During implementation of the Vaccine Management Business Improvement Project, providers experienced longer delivery delays and a higher probability of a Vaccines for Children stockout.
To evaluate the efficacy of the centralization by the Centers for Disease Control and Prevention of their pediatric vaccine distribution system.
In March 2007, the Centers for Disease Control and Prevention began a pilot program to reform the Vaccines for Children (VFC) program. All California VFC providers were required to place vaccine orders under the centralized logistic system of the Vaccine Management Business Improvement Project (VMBIP). For this study, VFC ordering, use, and delivery data were collected from 2 large southern California healthcare providers that collectively served more than 200,000 children. Data collection occurred between January 2005 and June 2008.
This case study measures the change in the mean VFC delivery times before and after the VMBIP. The data underwent simulation to estimate the number of days per year a provider would have zero VFC inventory before and after the VMBIP.

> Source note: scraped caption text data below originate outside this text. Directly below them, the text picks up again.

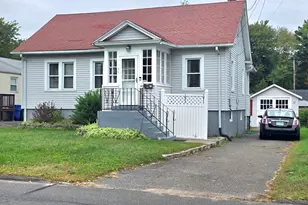 40 Englewood Ave, Bloomfield, CT 06002 - Photo 3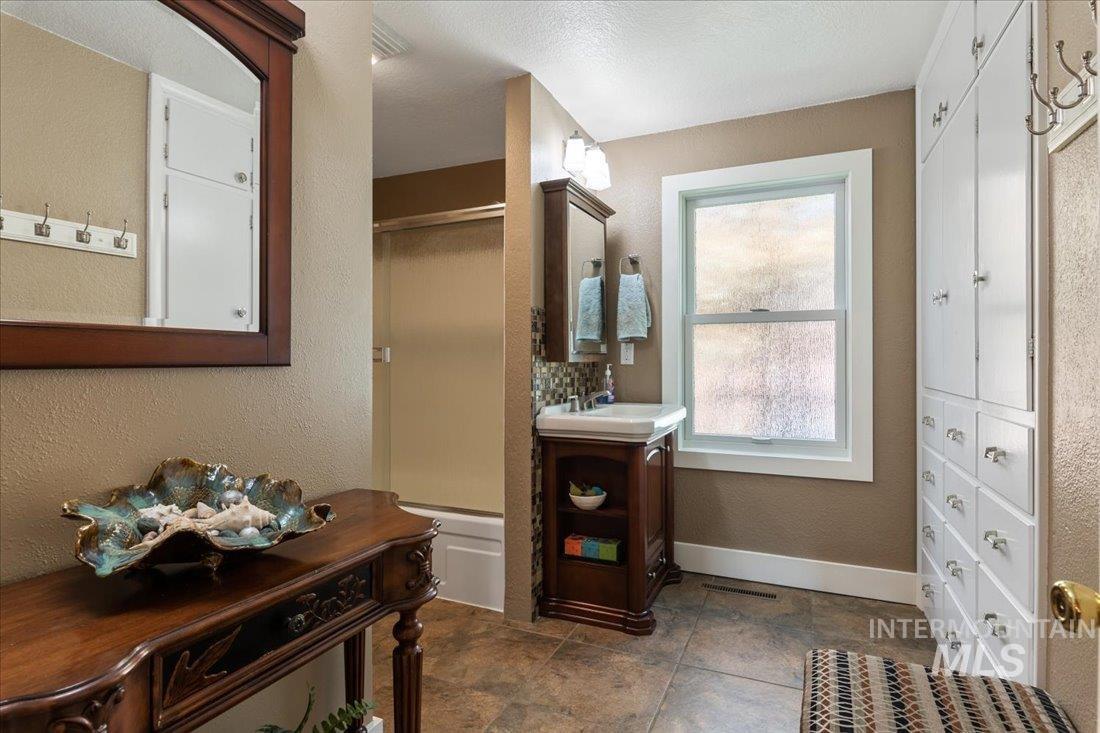 2401 N 26Th St, Boise, Idaho 83702, 4 Bedrooms, 2 Bathrooms, Residential Income For Sale, Price $1,295,000, 98954197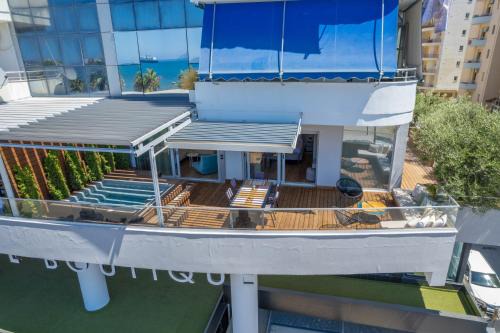 Vlore Apartment | Elegant Belleview Apartment with Oceanfront Dining & Views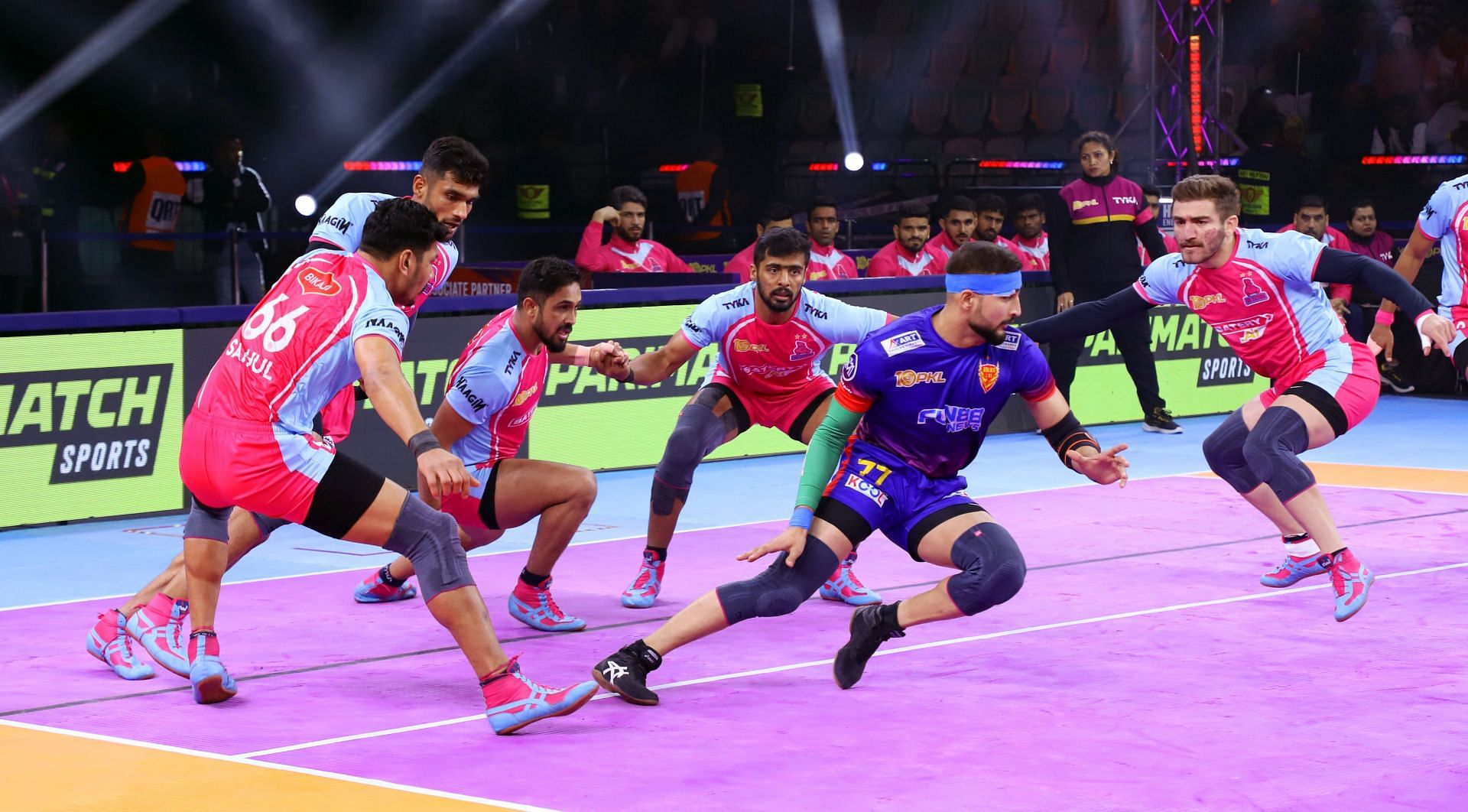 Ashu Malik of Dabang Delhi in action (Credits: PKL)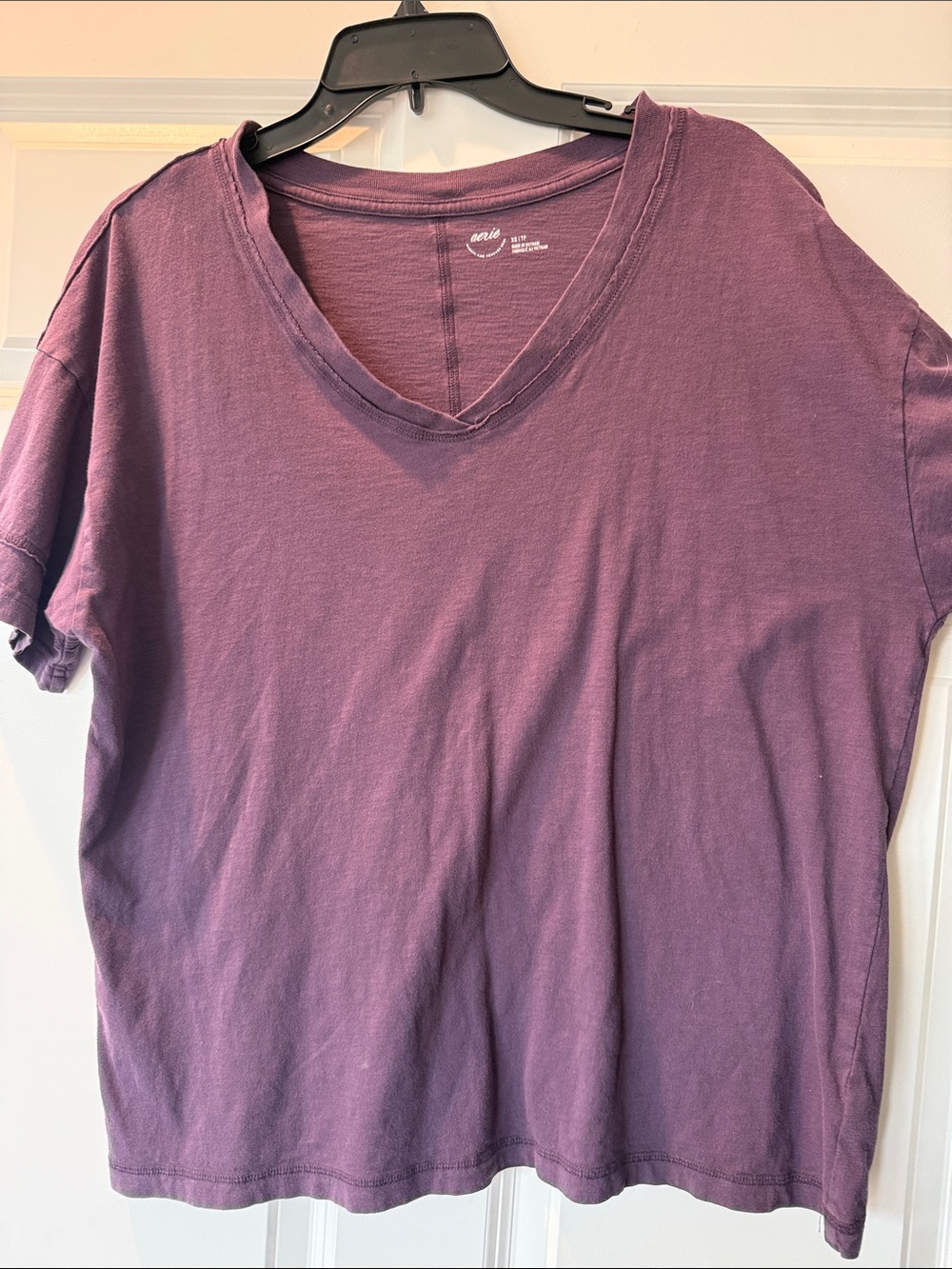 aerie V-Neck Short Sleeve Tee in Purple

After the VMBIP was implemented, delivery times increased from 1.6 to 12.3 business days (P <.001). The probability that VFC deliveries took longer than 1 week increased from 7% before the VMBIP to 89% afterward. Our simulation demonstrates that for 7 of 11 vaccines investigated there was a statistically significant increase in the number of days a provider would be without VFC (P <.01).
Although the VMBIP was implemented to save costs, this study finds that during the VMBIP’s initial implementation timeline, providers experienced longer delivery delays and a higher probability of a VFC stockout.
(Am J Manag Care. 2009;15(10)751-754)
Although the Vaccine Management Business Improvement Project (VMBIP) was implemented to save costs, this study finds that during its initial implementation timeline, providers experienced longer delivery delays and a higher probability of a Vaccines for Children (VFC) stockout.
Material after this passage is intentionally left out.